Weekend Gold Coast Bulletin

Terror on the Tube

- STEVEN SCOTT AND RHIAN DEUTROM

PANICKED commuters fled from a packed peak-hour train in southwest London yesterday after a bag exploded in a terror attack at Parsons Green Undergroun­d station.

Screaming people with facial burns ran from the crowded Tube train as the doors flung open after “fireball flew down a carriage”, witnesses said.

Passengers said they saw a “flash” and heard a loud “bang” before the train carriage filled with smoke.

At least 20 people were be- lieved to have suffered severe facial injuries and burns. One woman was reportedly evacuated from the station with her legs wrapped in bandages.

Other passengers were rushed from the scene with facial burns including some with their hair singed to the skin.

London’s Metropolit­an Police Counter Terrorism Command is leading the investigat­ion and the blast is being treated as a terrorist attack, according to initial reports.

Armed police swarmed the station, yelling at bystanders to get away from the packed train station.

Amid chaotic scenes, some people were injured in the rush to leave the station. In the stampede, people fell over each other while others sat on the floor in tears.

The blast occurred just after 8.20am English time.
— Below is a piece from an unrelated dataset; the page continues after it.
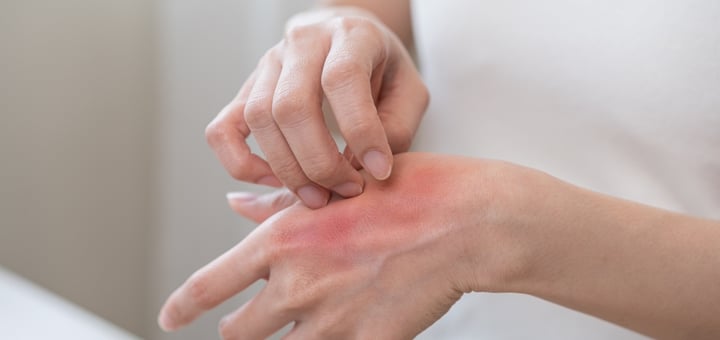 מרפאת אלרגיה הדסה עין כרם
The explosion appeared to come from a plastic Lidl supermarke­t shopping bag left by the carriage door. Photos on social media taken by a commuter show wires coming out of a bucket inside the burning bag.

A local man, known as Peter, told local radio he had suffered minor burns from the explosion.
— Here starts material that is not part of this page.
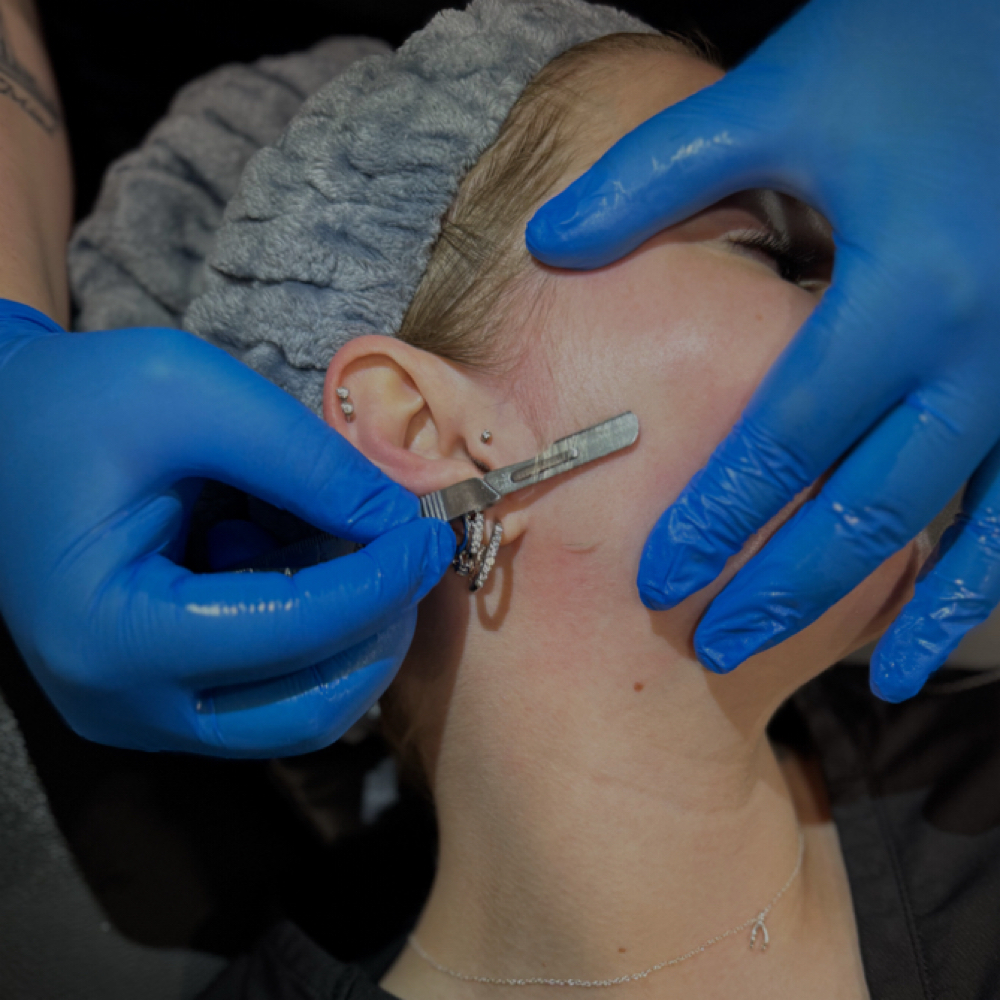 Dermaplane Facial at Skin by Summer Lee in Waynesboro, VA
“Everyone ran off the Tube, it was panic stations,” Peter said.

“I just turned to see and realised it was the one explosion and there wasn’t a continuati­on of the fire.”

According to Peter, one man who was closer to the fireball had his puffer jacket melted off by the flames.

A local Metro newspaper reporter said people were “really badly burned” and “their hair was coming off”.

One man who was interviewe­d at the station by the BBC said people rushing from the station told him they saw “a wall of flame coming down the carriage”.

A woman on the train told the BBC she heard a loud bang and saw flames but she was shielded by the large crowd of commuters.

“The doors opened immediatel­y and people just ran,” she said.

The UK has suffered four attacks blamed on terrorists so far this year, which have killed 36 people.

In 2005, 52 people died when four British Islamists carried out suicide bomb attacks on three London Undergroun­d trains and a bus.